In essence, it is a half-wave dipole fed by 50-ohm coax cable through a gamma match. It also includes a copper tubing support that is a quarter-wave from the antenna elements so that, when strapped to a metal pole or tower, it will increase the forward power in the direction of the antenna elements. See Figure I.
The original design used a small ceramic trimmer capacitor (7-45 pF) with a 5-1/2inch length of No. 14 AWG copper wire, to form the gamma match.
This capacitor will handle 10 watts of RF with no problem. But the capacitor has been replaced with a small 50 pF variable mounted in a small plastic pill box to handle greater RF powers and to overcome probable weather effects.
The design uses a copper "T" fitting to hold the two antenna elements and the support tube together and a 90' elbow, or another "T" fitting, to hold the other end of the quarter-wave support tube and a length of tubing for strapping to the mast or tower. Two stainless steel clamps can be used to strap the support to the mast or tower.
A "proper" two-element Yagi beam could be made by soldering two 20-1/2-inch pieces of tubing into the open ends of the "T" fitting and centrally mounting the antenna on a mast (a wooden or plastic mast if mounted for vertical polarization). See Figure 2
Using the antenna as a Yagi beam will give a forward gain of about 5 dBd (dB gain over a dipole), almost one full S-unit of signal strength (one S-unit = 6 dB).
The SO-239 female coax connector is mounted on the antenna "T" fitting with two self-tapping screws.
A piece of 1/4-inch-thick plastic is mounted on the support tube to hold the gamma match capacitor.
A 3-3/4-inch length of 1/2-inch copper strapping supports the far end of the copper wire. See Figure 3.

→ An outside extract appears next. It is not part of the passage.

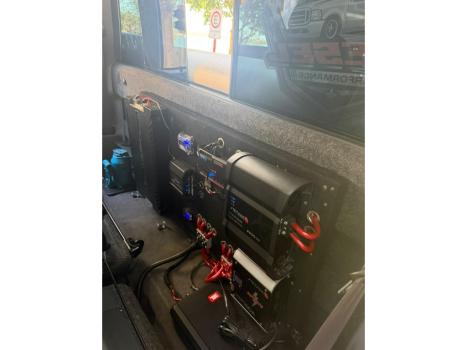 FORD F-250 4.2 XLT TURBO INTERCOOLER CABINE SIMPLES, Foto 12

The latter is formed around the copper tubing element and held tight by a brass screw and nut.
The antenna does perform well with gain in the direction away from the support mast or tower and it is very simple to tune.
Adjust the gamma match capacitor to obtain an SWR of 1: 1. If a 1: I match cannot be obtained with a 5-1/2-inch length of copper wire, shorten or lengthen it and readjust the capacitor until a 1:1 SWR match is obtained.
It is best to use a 6- to 7-inch length of wire to start and bend the extra length back around the gamma wire until a match is obtained. Then cut off the extra length.
Many hardware and plumbing suppliers have frequent sales of 1/2-inch copper tubing and fittings so building the antenna from scratch should cost less than $10, not counting the cost of the capacitor, coax fittings and cable used.
Most "old-timers" will have such capacitors in their junk boxes and such components and coax fittings can usually be found at Amateur fleamarkets.